Why did oil prices drop below $110 a barrel?
Brent crude for June delivery fell $1.93 overnight to $108.51 per barrel. The dip marks the first sub-$110 close in three weeks, but the number remains extraordinarily high by any historical measure — roughly double the $55-per-barrel average small fleets paid to fuel trucks in 2019.
The overnight slide offers no relief at the pump. Diesel retail prices lag crude movements by 10 to 14 days, and a $1.93 drop in the per-barrel cost of Brent translates to roughly four cents per gallon at the rack once refining margins and distribution costs are factored in. For a five-truck fleet running 500 miles per day per truck at 6 mpg, that four-cent savings amounts to $17 per day — $119 per week — against a fuel bill that has climbed $1,400 per week since crude crossed $100.

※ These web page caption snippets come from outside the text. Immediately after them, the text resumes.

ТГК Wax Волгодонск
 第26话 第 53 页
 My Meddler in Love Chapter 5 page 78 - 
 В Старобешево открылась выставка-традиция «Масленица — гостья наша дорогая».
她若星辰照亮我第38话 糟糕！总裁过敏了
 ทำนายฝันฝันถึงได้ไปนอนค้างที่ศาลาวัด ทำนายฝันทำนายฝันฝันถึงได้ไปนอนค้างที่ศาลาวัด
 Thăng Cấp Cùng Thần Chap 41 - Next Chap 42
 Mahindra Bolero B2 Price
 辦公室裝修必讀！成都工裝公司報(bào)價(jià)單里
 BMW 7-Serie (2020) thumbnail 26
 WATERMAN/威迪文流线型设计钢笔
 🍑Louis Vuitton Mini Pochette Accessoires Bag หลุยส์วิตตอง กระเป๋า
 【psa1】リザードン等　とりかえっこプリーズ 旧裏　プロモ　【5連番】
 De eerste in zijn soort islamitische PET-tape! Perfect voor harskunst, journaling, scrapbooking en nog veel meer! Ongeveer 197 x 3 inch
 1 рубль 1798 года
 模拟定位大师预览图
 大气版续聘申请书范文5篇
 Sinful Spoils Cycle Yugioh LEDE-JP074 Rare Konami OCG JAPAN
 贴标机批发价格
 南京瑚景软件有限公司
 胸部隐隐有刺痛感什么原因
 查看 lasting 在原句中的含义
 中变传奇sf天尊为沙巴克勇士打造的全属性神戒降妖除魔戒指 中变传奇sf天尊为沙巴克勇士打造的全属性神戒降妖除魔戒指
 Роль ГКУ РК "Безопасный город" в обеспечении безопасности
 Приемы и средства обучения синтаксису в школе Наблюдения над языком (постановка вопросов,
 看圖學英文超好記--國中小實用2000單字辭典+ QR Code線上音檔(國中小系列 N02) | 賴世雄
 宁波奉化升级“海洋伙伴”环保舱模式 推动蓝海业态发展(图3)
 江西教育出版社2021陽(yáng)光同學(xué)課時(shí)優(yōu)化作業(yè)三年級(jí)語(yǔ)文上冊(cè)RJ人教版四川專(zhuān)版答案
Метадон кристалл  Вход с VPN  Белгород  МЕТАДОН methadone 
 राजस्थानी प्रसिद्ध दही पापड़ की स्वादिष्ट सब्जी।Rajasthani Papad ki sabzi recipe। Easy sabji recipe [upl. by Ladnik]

What $108 oil costs a 10-truck operation
Crude at $108 per barrel supports diesel retail prices in the $4.80 to $5.20 range depending on region and state taxes. A 10-truck fleet averaging 5,000 miles per day collectively at 6 mpg burns 833 gallons daily. At $5 per gallon, that is $4,165 per day, $29,155 per week, $125,670 per month. The same operation paid $2,500 per day for fuel when diesel averaged $3 per gallon in early 2021.
The math tightens further for owner-operators running under percentage pay. A driver taking 70% of a $2.50-per-mile load grosses $1.75 per mile before fuel. At 6 mpg and $5 diesel, fuel costs 83 cents per mile — leaving 92 cents to cover truck payment, insurance, maintenance, and take-home. That margin collapses entirely if the load pays $2.20 per mile, a rate still common on many spot lanes.
Why crude remains elevated despite the dip
Brent has traded above $100 per barrel for 11 consecutive weeks, a streak not seen since the 2014 oil-price collapse. The current floor reflects global supply constraints — OPEC production cuts, refinery capacity still offline from 2020 shutdowns, and geopolitical risk premiums baked into futures contracts. The $1.93 overnight drop does not signal a trend reversal; it represents normal intraday volatility within a structurally tight market.
Small fleets cannot hedge fuel costs the way large carriers do. A 50-truck operation lacks the credit facility to lock in diesel futures or negotiate rack-plus pricing with fuel distributors. The result: every crude swing hits the settlement statement in real time, with no buffer.
The fuel surcharge gap
Contract lanes typically include a fuel surcharge indexed to the Department of Energy's weekly diesel average, but the index lags spot diesel prices by one to two weeks and often underpays the true cost. Spot freight rarely includes any surcharge — the per-mile rate is the rate, and fuel comes out of it. When crude sits at $108, that gap between what the surcharge covers and what the pump charges can run 30 to 50 cents per gallon, or 5 to 8 cents per mile for a truck averaging 6 mpg.
A five-truck fleet running 12,500 miles per week collectively loses $625 to $1,000 per week to that surcharge shortfall on contract freight. On spot loads, the loss is total — the carrier eats the entire fuel cost within the line-haul rate.
What changes for small fleets
Nothing changes operationally from a $1.93 crude dip when diesel still costs $5 per gallon. The fuel line on the settlement statement remains the largest variable expense, and rate negotiations remain anchored to what shippers will pay, not what it costs to move the load. Small fleets continue to choose between running marginally profitable miles to keep drivers busy or parking trucks until rates recover.
The Jones Act waiver extension for fuel shipments may ease regional diesel supply bottlenecks over the next 90 days, but the waiver addresses distribution, not the underlying crude price. Until Brent falls below $80 per barrel and holds there for a month, diesel will not return to the $3.50 range that allows most small fleets to break even on spot freight paying $2 per mile.